A eso se resume nuestra experiencia en el mundo. A narraciones que extractan en lo que dura un aliento lo más destacado de nuestra biografía. Se relega entonces gran parte de la vida al compartimento estanco de lo cotidiano y lo superfluo. Se invisibilizan los detalles como penúltima parada antes del olvido.
La síntesis máxima es el género fúnebre: la necrológica, el obituario, la esquela, el epitafio.
Lxs traductorxs lo saben. Lxs lingüistas lo saben. Lxs semiólogxs y lxs comunicadorxs lo saben. Hay algo que que es intraducible, inenarrable; algo imposible de interpretar, incomunicable; algo que no puede decirse porque el idioma -cualquiera sea-, el lenguaje en sí mismo, no calca la realidad, ni la experiencia ni la historia. Solo nos da cuenta de sus sombras proyectadas .

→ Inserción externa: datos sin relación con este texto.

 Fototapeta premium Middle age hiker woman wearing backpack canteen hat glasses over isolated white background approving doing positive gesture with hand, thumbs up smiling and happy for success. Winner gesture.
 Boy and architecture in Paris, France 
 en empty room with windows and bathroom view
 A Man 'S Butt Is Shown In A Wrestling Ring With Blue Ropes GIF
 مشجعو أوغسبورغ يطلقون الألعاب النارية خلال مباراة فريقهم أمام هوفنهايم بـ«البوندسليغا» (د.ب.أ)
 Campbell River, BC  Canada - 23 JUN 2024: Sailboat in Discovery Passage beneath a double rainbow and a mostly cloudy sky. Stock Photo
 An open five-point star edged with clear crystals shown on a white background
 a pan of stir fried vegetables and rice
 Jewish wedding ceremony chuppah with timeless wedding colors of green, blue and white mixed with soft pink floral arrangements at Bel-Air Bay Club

Quien relata a otro una vida terminada junto a la tumba, el camino a un galardón, un amor pasado ayer o hace veinte años, unicamente brinda coordenadas. Le dice al otro en qué región del espacio y del tiempo ubicar a los personajes de ese relato. El sentimiento, lo que sintió, lo que vivió, la experiencia en sí de lo otro y de los otros, eso, se lo guarda. No puede dar cuenta de esas minucias que hacían de la presencia de lo otro y de los otros un hecho destacable. No pueden, por hábil que sea su dominio de las letras, indicar el tono exacto de una risa en medio de la noche o el aroma de un bebida compartida. No pueden, por diestra que sea su oratoria, describir el gusto de una piel transpirada en los labios una tarde inundada de calor. Puede poner en su boca palabras como «extrañar», «amor», «angustia». Puede ejercitar la lengua y decir «gloria», «logros», «derrota» y sin embargo no decir nada con ello. Rodea la cosa, la delimita, pero no puede hacerle saber a su interlocutor cuánto duele o alegra aquello porque en modo alguno puede trasliterarse ese lenguaje secreto y único con el que vivimos nuestras vidas.

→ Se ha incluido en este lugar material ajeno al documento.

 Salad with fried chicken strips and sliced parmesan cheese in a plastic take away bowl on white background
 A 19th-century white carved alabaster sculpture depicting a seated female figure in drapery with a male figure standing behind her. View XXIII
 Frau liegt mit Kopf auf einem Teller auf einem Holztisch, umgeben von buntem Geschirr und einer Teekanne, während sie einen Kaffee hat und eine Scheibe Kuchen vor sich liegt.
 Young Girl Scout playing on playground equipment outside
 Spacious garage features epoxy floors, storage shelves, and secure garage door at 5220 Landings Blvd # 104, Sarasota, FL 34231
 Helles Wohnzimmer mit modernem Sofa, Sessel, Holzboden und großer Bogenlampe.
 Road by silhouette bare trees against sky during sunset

El psicólogo y el sacerdote, el amigo que nos ve lagrimear en el bar, el desconocido que nos lee en la red, trabajan con un material fugaz e inestable, con algo que no es, para tratar de comprender lo inexplicable y hacer llegar a quien les habla a un estado imposible.

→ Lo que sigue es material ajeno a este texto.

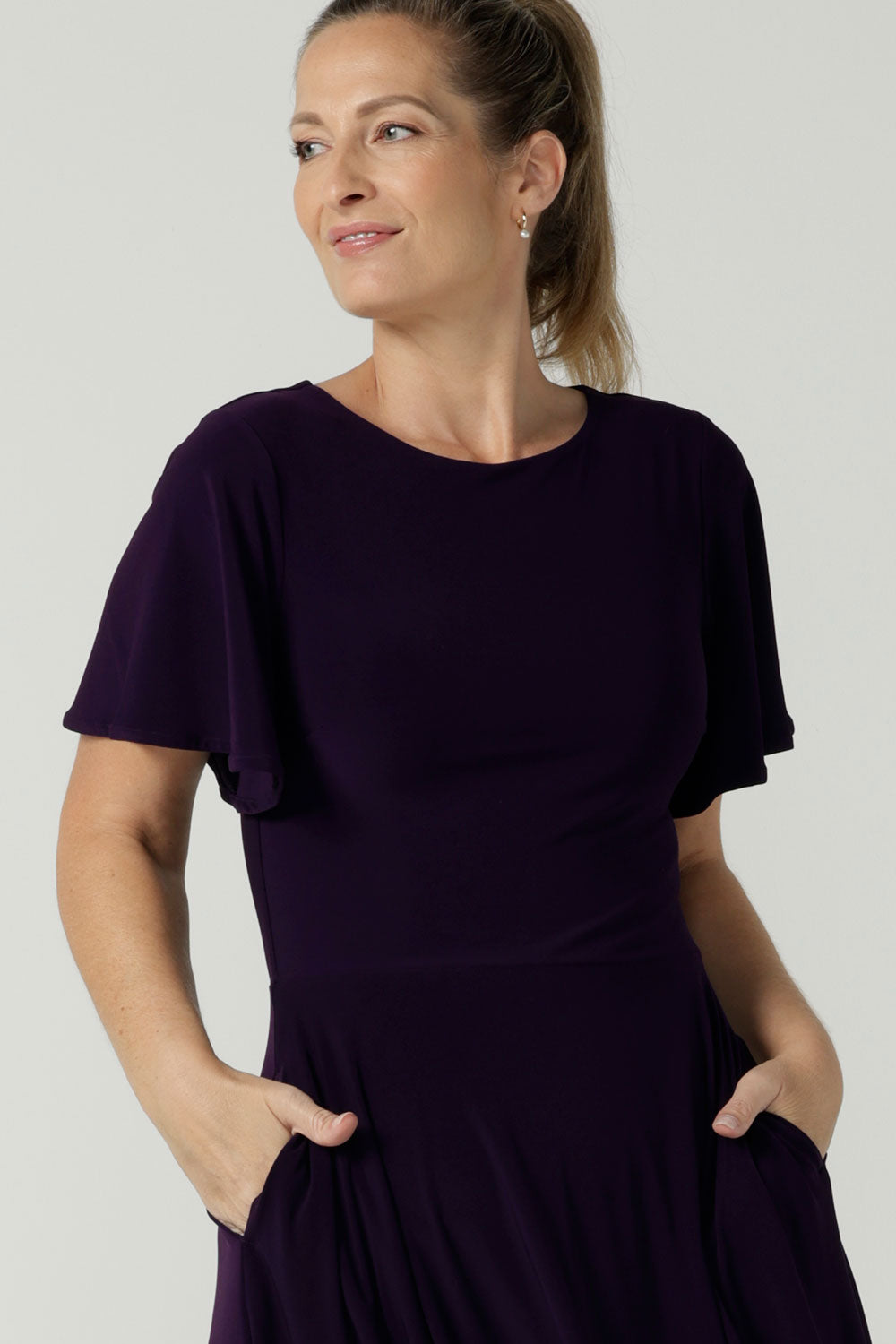 Close up of the Monique dress in Amethyst. Jersey dress with flutter sleeve and rounded neckline. Full circle skirt and pockets. Made in Australia for women size 8 - 24.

Una historia de amor narrada es, en suma, como cualquier otra historia de cualquier otro tema. Vale lo mismo, ocurre en el pasado y es infiel a los hechos. Es, en suma, algo que con el tiempo aprendemos a resumir a su mínima expresión, con tal de sacarnos de encima su peso, al menos por un rato, aunque sepamos que una vez vacío el aljibe de palabras volverá a llenarse.
Así de ingratas y voraces son ciertas historias. Les damos palabras que no tenemos y nos devuelven un silencio que puja por salir, aunque no pueda.